Building a Few-Shot Cross-Domain Multilingual NLU Model for Customer Care
This addresses the bottleneck of cross-domain data availability in customer care automation, offering a practical solution for companies to reduce annotation costs, though it is incremental in extending existing methods.
The paper tackles the problem of building a multilingual intent classifier for customer care that generalizes across domains with few annotations, achieving a 20-23% accuracy increase over state-of-the-art models on e-commerce datasets.
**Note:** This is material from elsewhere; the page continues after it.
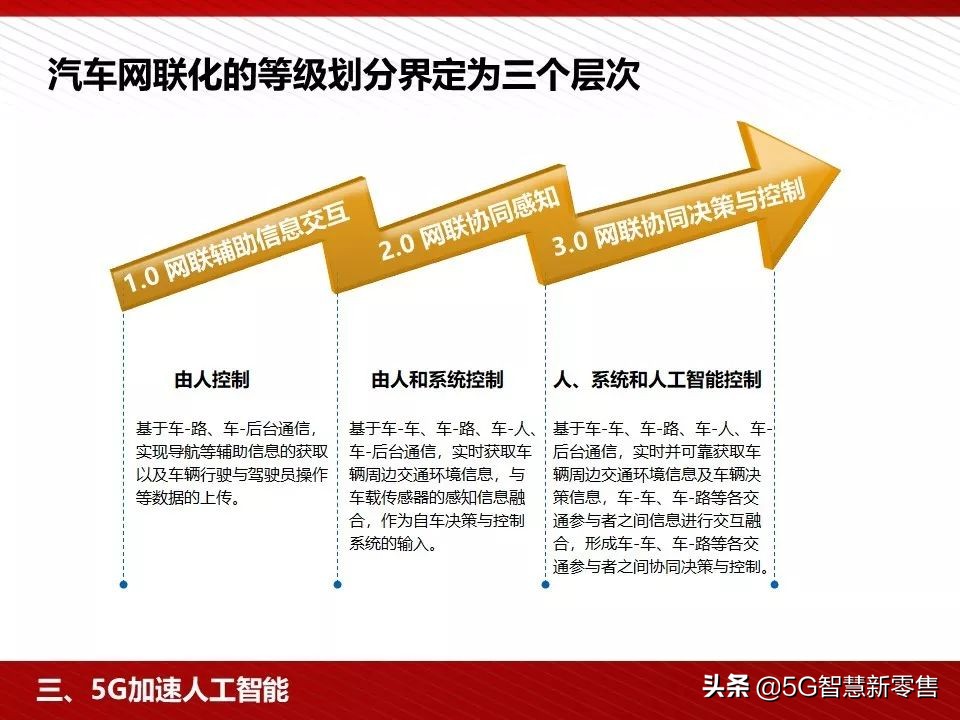 5g应用场景ppt,5g智慧教室ppt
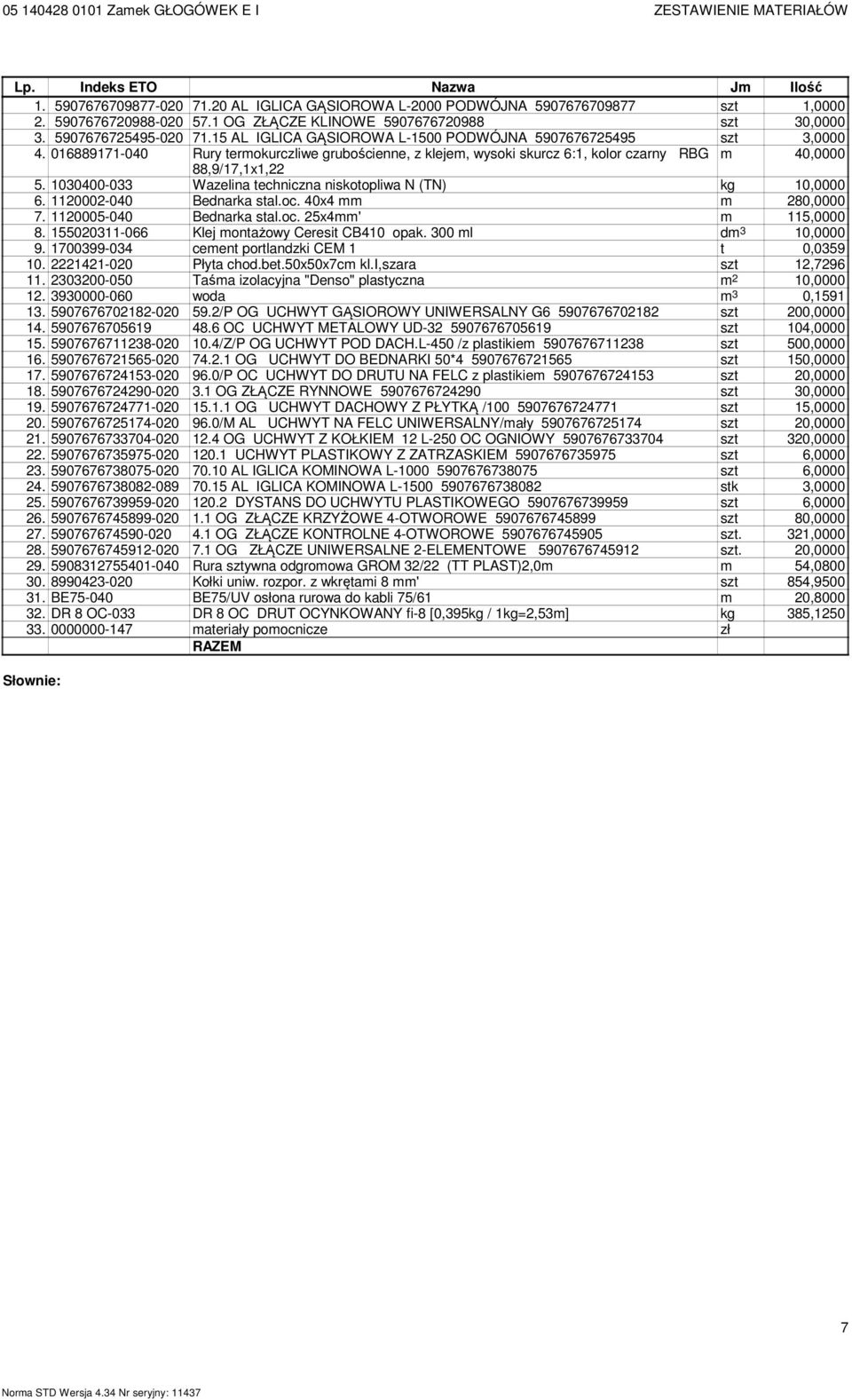 016889171-040 Rury termokurczliwe grubościenne, z klejem, wysoki skurcz 6:1, kolor czarny RBG m 40,0000 88,9/17,1x1,22 5. 1030400-033 Wazelina techniczna niskotopliwa N (TN) kg 10,0000 6.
Customer care is an essential pillar of the e-commerce shopping experience with companies spending millions of dollars each year, employing automation and human agents, across geographies (like US, Canada, Mexico, Chile), channels (like Chat, Interactive Voice Response (IVR)), and languages (like English, Spanish). SOTA pre-trained models like multilingual-BERT, fine-tuned on annotated data have shown good performance in downstream tasks relevant to Customer Care. However, model performance is largely subject to the availability of sufficient annotated domain-specific data. Cross-domain availability of data remains a bottleneck, thus building an intent classifier that generalizes across domains (defined by channel, geography, and language) with only a few annotations, is of great practical value. In this paper, we propose an embedder-cum-classifier model architecture which extends state-of-the-art domain-specific models to other domains with only a few labeled samples. We adopt a supervised fine-tuning approach with isotropic regularizers to train a domain-specific sentence embedder and a multilingual knowledge distillation strategy to generalize this embedder across multiple domains. The trained embedder, further augmented with a simple linear classifier can be deployed for new domains. Experiments on Canada and Mexico e-commerce Customer Care dataset with few-shot intent detection show an increase in accuracy by 20-23% against the existing state-of-the-art pre-trained models.